## Exercise requirements
Exactly as written, copy the lines that run from the start of the data below to the line containing "Additional property image", both ends included.

(Stored items)
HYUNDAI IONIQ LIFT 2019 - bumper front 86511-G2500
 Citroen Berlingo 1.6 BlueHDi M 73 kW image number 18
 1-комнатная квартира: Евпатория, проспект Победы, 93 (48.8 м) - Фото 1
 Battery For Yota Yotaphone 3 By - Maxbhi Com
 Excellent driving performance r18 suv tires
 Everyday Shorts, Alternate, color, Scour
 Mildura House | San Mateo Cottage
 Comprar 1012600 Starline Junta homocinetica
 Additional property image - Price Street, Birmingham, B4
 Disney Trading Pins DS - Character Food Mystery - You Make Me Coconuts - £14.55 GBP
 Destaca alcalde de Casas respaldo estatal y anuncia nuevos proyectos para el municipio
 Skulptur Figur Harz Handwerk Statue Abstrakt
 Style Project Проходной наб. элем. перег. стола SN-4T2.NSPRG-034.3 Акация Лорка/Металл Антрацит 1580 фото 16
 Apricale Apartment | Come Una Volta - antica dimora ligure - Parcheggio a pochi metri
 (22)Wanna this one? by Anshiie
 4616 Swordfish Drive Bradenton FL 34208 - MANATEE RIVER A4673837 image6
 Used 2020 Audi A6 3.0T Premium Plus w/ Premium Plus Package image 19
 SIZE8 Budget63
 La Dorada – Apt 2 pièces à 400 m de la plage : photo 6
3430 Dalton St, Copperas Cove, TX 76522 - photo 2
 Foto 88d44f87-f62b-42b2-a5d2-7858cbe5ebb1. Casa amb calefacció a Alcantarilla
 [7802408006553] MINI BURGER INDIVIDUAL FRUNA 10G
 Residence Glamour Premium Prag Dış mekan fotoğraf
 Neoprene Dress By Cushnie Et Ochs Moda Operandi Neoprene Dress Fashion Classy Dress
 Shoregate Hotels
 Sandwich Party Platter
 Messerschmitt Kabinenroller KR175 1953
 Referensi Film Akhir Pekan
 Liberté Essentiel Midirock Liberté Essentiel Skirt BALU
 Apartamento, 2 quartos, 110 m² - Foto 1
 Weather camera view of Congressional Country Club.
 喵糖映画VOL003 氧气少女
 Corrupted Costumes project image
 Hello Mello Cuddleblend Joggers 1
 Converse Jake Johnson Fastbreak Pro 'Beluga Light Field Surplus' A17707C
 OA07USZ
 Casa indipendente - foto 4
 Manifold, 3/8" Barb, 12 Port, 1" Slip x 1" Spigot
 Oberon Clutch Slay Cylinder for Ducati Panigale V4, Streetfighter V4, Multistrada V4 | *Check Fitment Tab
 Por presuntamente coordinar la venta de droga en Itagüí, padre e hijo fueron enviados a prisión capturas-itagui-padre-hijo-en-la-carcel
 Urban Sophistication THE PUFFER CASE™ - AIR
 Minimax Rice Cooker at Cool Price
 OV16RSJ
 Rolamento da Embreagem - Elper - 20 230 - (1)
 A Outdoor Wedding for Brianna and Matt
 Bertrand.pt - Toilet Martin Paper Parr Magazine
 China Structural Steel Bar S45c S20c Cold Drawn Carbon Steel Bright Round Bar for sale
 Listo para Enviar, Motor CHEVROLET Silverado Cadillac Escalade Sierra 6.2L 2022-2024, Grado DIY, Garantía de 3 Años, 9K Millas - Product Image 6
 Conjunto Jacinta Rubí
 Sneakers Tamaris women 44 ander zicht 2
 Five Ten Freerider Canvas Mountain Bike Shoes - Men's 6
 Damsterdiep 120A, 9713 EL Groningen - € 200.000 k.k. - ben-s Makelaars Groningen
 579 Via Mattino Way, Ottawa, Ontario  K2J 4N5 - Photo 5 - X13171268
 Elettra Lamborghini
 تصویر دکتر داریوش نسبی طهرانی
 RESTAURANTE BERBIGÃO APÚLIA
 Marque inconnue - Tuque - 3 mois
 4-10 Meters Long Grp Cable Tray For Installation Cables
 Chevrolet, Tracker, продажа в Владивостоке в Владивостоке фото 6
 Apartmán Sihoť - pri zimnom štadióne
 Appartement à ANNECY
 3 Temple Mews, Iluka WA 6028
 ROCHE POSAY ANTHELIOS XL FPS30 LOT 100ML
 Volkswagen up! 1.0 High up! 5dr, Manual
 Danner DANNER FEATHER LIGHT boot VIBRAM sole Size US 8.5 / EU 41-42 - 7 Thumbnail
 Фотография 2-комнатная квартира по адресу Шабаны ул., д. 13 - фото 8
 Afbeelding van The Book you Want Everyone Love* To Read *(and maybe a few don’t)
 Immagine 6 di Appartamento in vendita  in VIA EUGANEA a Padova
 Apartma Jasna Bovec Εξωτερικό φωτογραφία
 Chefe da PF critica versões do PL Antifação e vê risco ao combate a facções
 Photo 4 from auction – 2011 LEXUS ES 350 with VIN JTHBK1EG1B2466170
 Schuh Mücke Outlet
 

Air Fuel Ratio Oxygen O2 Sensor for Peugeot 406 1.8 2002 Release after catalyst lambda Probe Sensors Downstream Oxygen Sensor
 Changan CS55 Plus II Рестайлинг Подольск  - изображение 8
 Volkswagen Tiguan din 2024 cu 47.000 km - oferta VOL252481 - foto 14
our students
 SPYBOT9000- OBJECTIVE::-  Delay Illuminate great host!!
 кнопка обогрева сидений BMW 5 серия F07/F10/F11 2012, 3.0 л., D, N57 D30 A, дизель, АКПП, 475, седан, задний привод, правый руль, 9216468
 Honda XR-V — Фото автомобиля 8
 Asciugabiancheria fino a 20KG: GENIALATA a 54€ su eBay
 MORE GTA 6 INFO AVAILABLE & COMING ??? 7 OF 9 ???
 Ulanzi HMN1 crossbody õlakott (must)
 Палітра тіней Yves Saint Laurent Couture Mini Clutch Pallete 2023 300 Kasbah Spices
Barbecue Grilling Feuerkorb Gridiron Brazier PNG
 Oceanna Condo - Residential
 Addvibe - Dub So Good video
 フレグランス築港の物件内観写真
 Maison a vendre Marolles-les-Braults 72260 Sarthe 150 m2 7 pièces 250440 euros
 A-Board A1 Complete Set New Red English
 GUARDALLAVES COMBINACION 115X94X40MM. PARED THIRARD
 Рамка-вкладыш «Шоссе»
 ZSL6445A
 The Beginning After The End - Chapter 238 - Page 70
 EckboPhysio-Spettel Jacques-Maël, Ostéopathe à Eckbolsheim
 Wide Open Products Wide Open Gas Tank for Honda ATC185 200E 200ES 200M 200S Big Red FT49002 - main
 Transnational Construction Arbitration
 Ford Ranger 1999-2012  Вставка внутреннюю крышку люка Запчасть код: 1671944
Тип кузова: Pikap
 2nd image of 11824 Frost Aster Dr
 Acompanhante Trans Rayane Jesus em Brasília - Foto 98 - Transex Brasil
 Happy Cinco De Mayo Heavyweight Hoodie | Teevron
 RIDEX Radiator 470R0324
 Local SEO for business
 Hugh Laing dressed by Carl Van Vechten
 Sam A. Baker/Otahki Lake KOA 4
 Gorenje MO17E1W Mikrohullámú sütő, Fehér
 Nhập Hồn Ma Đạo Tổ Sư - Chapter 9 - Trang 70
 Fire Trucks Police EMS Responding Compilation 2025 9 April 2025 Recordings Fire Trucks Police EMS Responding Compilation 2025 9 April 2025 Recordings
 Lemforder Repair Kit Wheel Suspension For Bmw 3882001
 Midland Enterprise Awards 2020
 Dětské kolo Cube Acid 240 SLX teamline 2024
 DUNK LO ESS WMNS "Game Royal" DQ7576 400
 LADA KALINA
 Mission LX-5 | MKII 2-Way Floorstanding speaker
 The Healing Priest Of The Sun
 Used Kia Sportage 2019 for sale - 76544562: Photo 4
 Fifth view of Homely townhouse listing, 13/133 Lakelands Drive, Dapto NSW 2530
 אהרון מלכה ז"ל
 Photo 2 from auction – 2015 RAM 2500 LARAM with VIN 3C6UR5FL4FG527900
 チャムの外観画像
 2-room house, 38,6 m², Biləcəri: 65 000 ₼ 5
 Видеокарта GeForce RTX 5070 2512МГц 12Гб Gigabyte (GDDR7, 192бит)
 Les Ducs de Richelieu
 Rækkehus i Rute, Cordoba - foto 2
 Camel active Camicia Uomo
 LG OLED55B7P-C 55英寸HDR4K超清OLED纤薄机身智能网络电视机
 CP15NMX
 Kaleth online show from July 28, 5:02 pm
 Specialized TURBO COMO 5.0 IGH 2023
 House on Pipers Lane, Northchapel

## Output
HYUNDAI IONIQ LIFT 2019 - bumper front 86511-G2500
 Citroen Berlingo 1.6 BlueHDi M 73 kW image number 18
 1-комнатная квартира: Евпатория, проспект Победы, 93 (48.8 м) - Фото 1
 Battery For Yota Yotaphone 3 By - Maxbhi Com
 Excellent driving performance r18 suv tires
 Everyday Shorts, Alternate, color, Scour
 Mildura House | San Mateo Cottage
 Comprar 1012600 Starline Junta homocinetica
 Additional property image - Price Street, Birmingham, B4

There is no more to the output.